## Instructions to follow
Print the data exactly as written, line for line, and leave its pictures behind.

## Data section
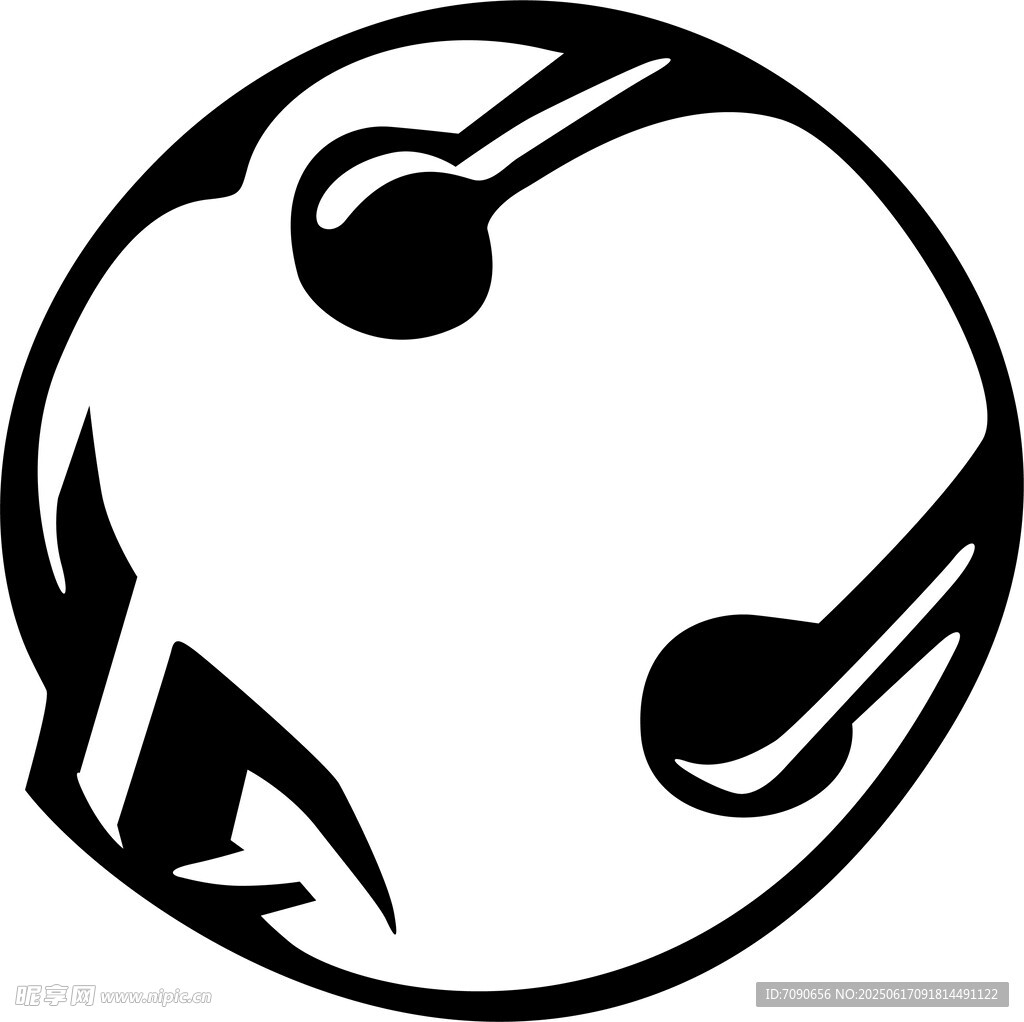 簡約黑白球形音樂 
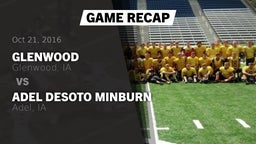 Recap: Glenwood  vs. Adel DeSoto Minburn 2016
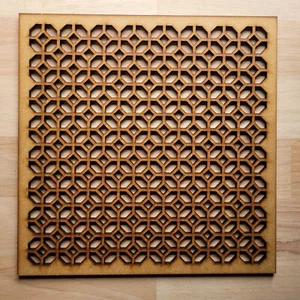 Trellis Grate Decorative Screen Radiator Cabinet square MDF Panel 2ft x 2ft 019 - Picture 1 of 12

## Reply to the exercise
 簡約黑白球形音樂 
 Recap: Glenwood  vs. Adel DeSoto Minburn 2016
 Trellis Grate Decorative Screen Radiator Cabinet square MDF Panel 2ft x 2ft 019 - Picture 1 of 12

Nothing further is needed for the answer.